There have been many times that we’ve had discussions with visitors to TheZoo about why the majority doesn’t always rule in this country.  It really has nothing to do with whether or not something is fair.  The majority may be against gay marriage or other issues, but our Constitution is set up to protect minority rights against the majority.  It’s the job of the courts to overturn laws passed, by the people or by legislation, which infringe on the rights of the minority. 

Glenn Greenwald explains it very well in his response to an article by Ben Wittes in The New Republic (sorry, I’m not linking to it), which criticizes the California Supreme Court for striking down that state’s discriminatory marriage law.  Wittes expresses his concern about the court getting involved in overturning the law, crying out that the majority of Californians supported it, and the judges are interfering with Democracy!  This, as we all know, and as Greenwald so clearly explains, is NOT Democracy.

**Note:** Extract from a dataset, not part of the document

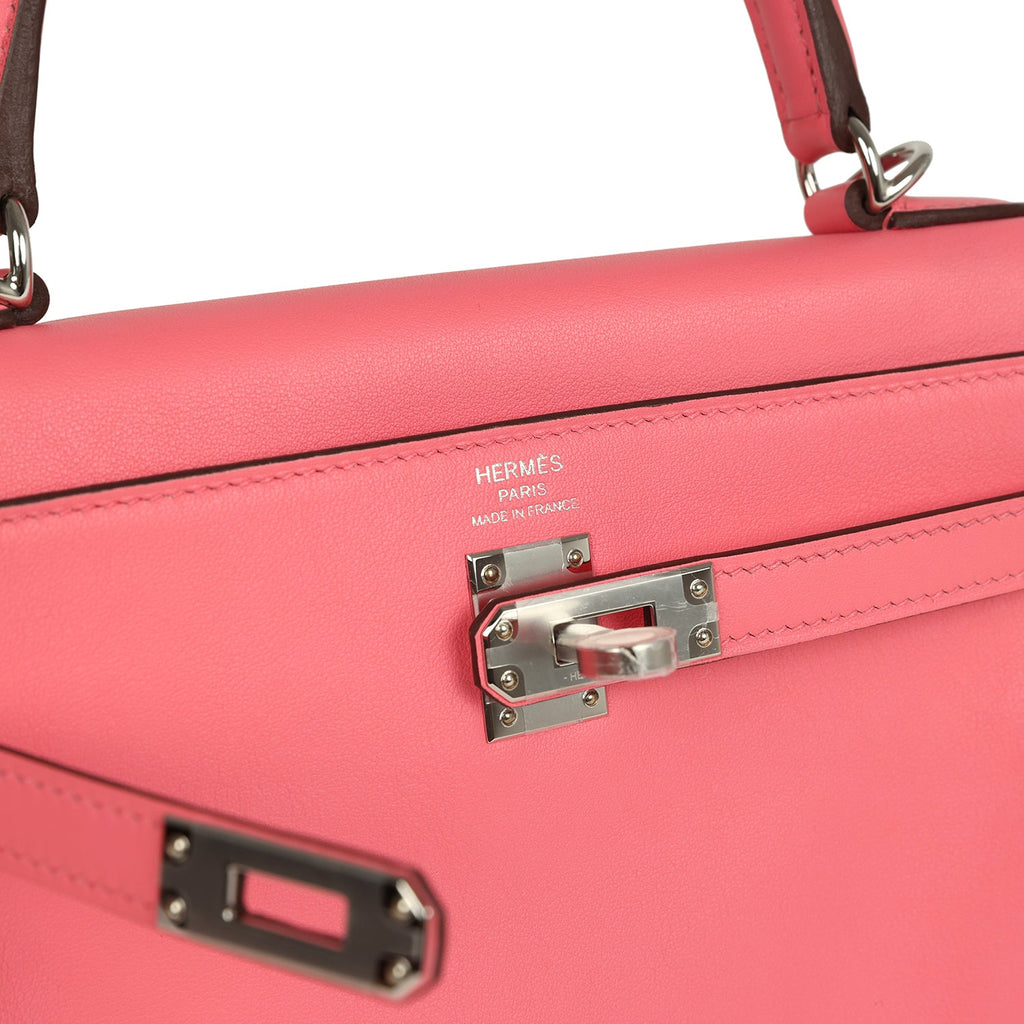 Kelly Retourne 25 Rose Azalee Swift Palladium Hardware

[Wittes'] reasoning — that it undermines “democracy” and constitutes judicial tyranny when a court strikes down a popular law — is so pervasive every time there is a controversial court decision. But it is as woefully misinformed as it is common. That a law invalidated by a court is supported by a large majority is not an argument supporting the conclusion that the court’s decision was wrong. Central to our system of government is the premise that there are laws which even the largest majorities are prohibited from enacting because such laws violate the constitutional rights of minorities. Thus, the percentage of people who support the law in question, and how lengthy and painstaking the process was that led to the law’s enactment, is totally irrelevant in assessing the propriety of a court decision striking down that law on constitutional grounds.

Contrary to Wittes’ extremely confused argument, a court striking down a law supported by large majorities is not antithetical to our system of government. Such a judicial act is central to our system of government. That’s because, strictly speaking, the U.S. is not a “democracy” as much as it a “constitutional republic,” precisely because constitutional guarantees trump democratic majorities. This is all just seventh-grade civics, something that the Brookings scholar and those condemning the California court’s decision on similar grounds seem to have forgotten.

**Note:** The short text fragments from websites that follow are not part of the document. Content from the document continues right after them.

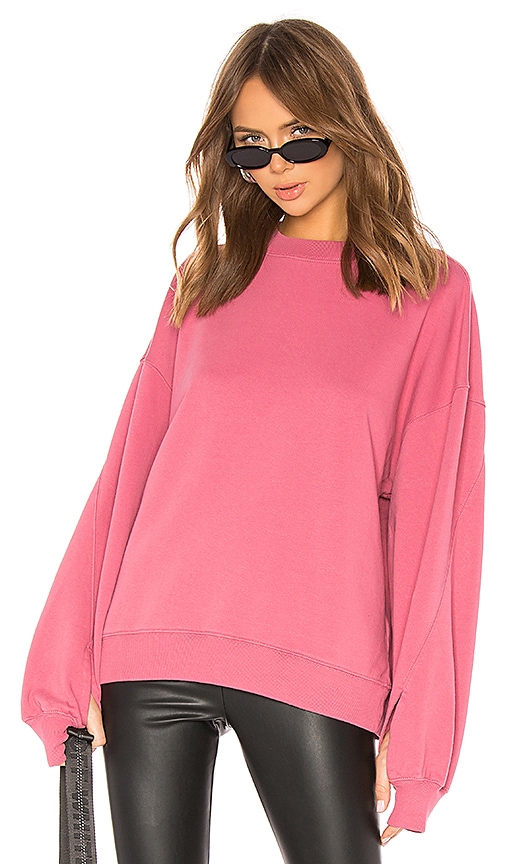 ALLSAINTS Dino Sweatshirt in Rose Pink
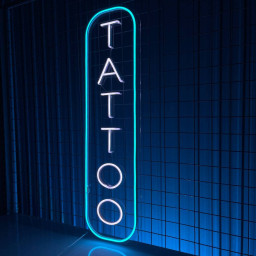 Basic Tattoo Neon Sign Tattoo Shop Store Decor Signboard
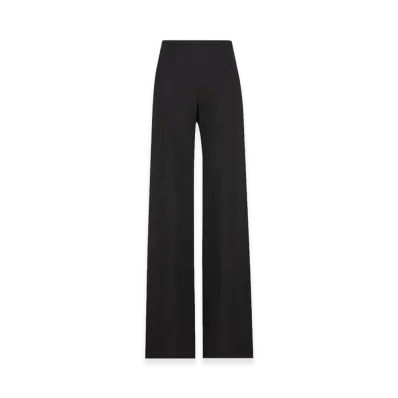 GUCCI Women's Stretch Wool Blend Wide-Leg Pant "Black"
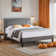 Auxter Bed Frame with Height Adjustable Upholstered Headboard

The duty — the central obligation — of judges faithfully applying the law and fulfilling their core duties is to strike down laws that violate the Constitution, without regard to what percentage of the population supports that law, and without regard to whether it would be “better” in some political sense if democratic majorities some day got around to changing their minds about it. It’s perfectly appropriate for, say, marriage equality advocates or political candidates to take into account whether it would be preferable, in some political or strategic sense, to achieve gay marriage incrementally or legislatively, only once there is majority support for it. But that is a completely inappropriate factor for a judge to consider, because the judge’s sole consideration is whether the law is consistent with Constitutional protections.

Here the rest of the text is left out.